**Your objective:** Would you print the entire listing exactly, leaving nothing out?

**Dataset section:**
BEGIN

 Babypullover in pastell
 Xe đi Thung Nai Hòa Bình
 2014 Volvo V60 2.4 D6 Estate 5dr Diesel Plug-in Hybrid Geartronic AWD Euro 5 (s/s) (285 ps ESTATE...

END

**Answer to this task:**
 Babypullover in pastell
 Xe đi Thung Nai Hòa Bình
 2014 Volvo V60 2.4 D6 Estate 5dr Diesel Plug-in Hybrid Geartronic AWD Euro 5 (s/s) (285 ps ESTATE...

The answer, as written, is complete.